Adapun dari segi tafsir, hadits tersebut sudah ditafsirkan oleh para ulama dengan dua tafsiran sebagai berikut.
1. Hadits tersebut berlaku bagi mayit yang ketika hidupnya dia mengetahui bahwa keluarganya (anak dan istrinya) pasti akan meronta-ronta (nihayah [2]) apabila dia mati. Kemudian dia tidak mau menasihati keluarganya dan tidak berwasiat agar mereka tidak menangisi kematiannya. Orang seperti inilah yang mayitnya akan disiksa apabila ditangisi oleh keluarganya.
Adapun orang yang sudah menasihati keluarganya dan berpesan agar tidak berbuat nihayah, tapi kemudian ketika dia mati keluarganya masih tetap meratapi dan menangisinya, maka orang-orang seperti ini tidak terkena ancaman dari hadits tadi.
Dalam hadits tersebut, kata الْمَيِّتُ menggunakan huruf alif lam (isim ma’rifat). Dalam kaidah bahasa Arab kalau ada isim (kata benda) yang dibagian depannya memakai huruf alif lam, maka benda tersebut tidak bersifat umum (bukan arti dari benda yang dimaksud). Oleh karena itu kata “mayit” dalam hadits di atas adalah tidak semua mayit, tapi mayit tertentu (khusus). Yaitu mayit orang yang sewaktu hidupnya tidak memberi nasihat kepada keluarganya tentang haramnya nihayah.
Demikianlah, ketika kita memahami tafsir hadits di atas jelaslah bagi kita bahwa hadits shahih tersebut tidak bertentangan dengan bunyi ayat.
وَلَا تَزِرُ وَازِرَةٌ وِزْرَ أُخْرَىٰ
“Seseorang tidak akan memikul dosa orang lain”.
Karena pada hakikatnya siksaan yang dia terima adalah akibat kesalahan/dosa dia sendiri yaitu tidak mau menasihati dan berdakwah kepada keluarga.

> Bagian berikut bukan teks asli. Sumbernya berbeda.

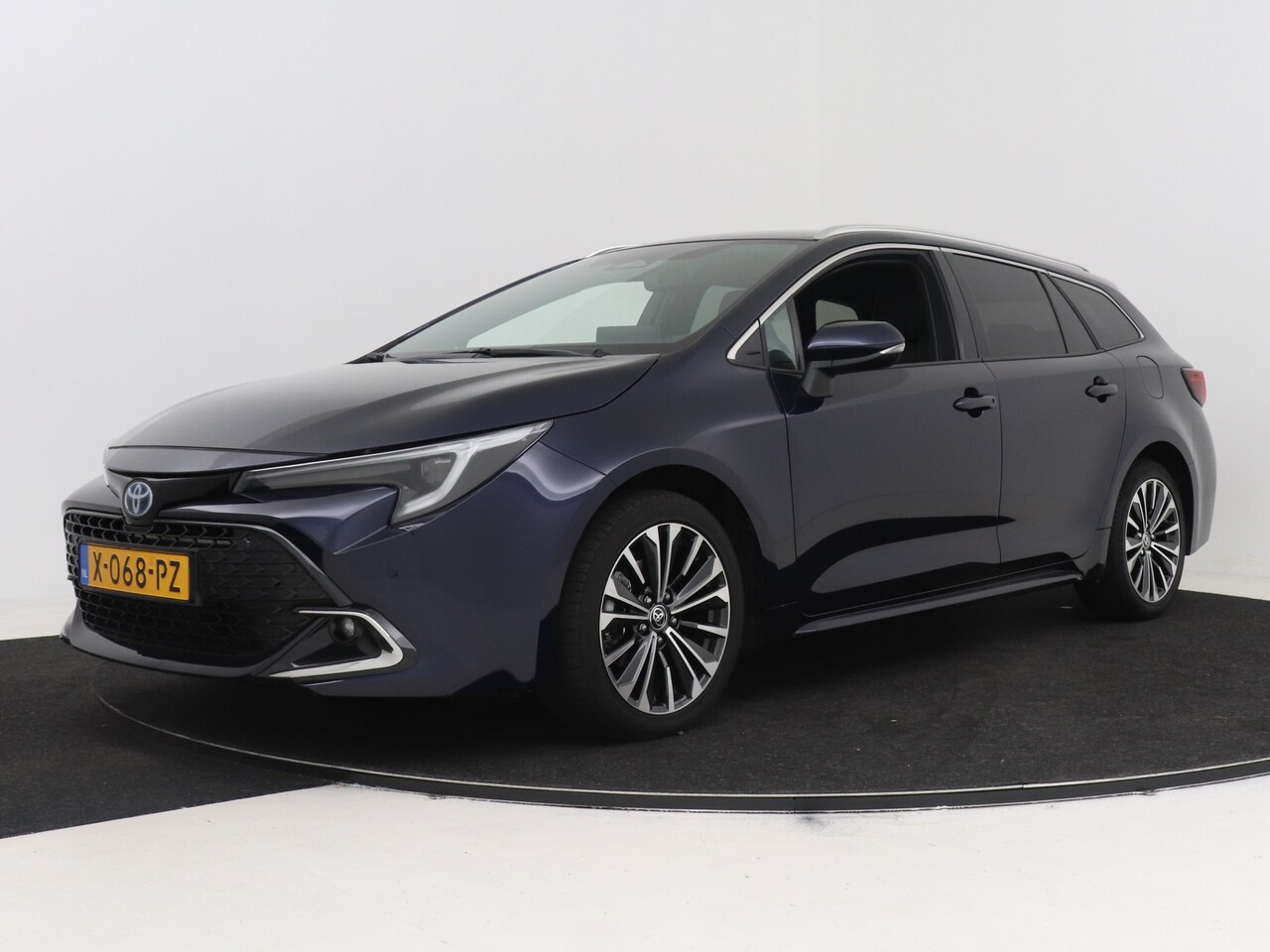 Toyota Corolla Touring Sports - 1.8 Hybrid First Edition 1.8 Hybrid First Edition - AutoWereld.nl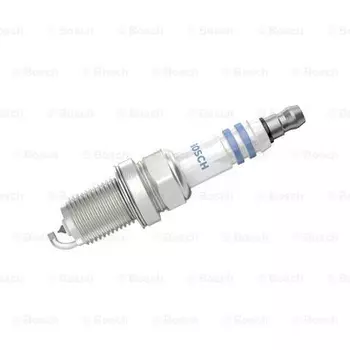 Свеча зажигания BOSCH 0 242 230 528 Hyundai Accent/Elantra, Nissan Almera 1.5-2.0i 94>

Inilah penafsiran dari para ulama terkenal, di antaranya Imam An-Nawawi.
2. Adapun tafsiran kedua adalah tafsiran yang dikemukakan oleh Syaikhul Islam Ibnu Taimiyah Raimahullah di beberapa tulisan beliau bahwa yang dimaksud dengan azab (siksaan) dalam hadits tersebut adalah bukan azab kubur atau azab akhirat. Tapi maksud azab tersebut hanyalah rasa sedih dan duka cita. Yaitu rasa sedih dan duka ketika mayit tersebut mendengar ratap tangis dari keluarganya.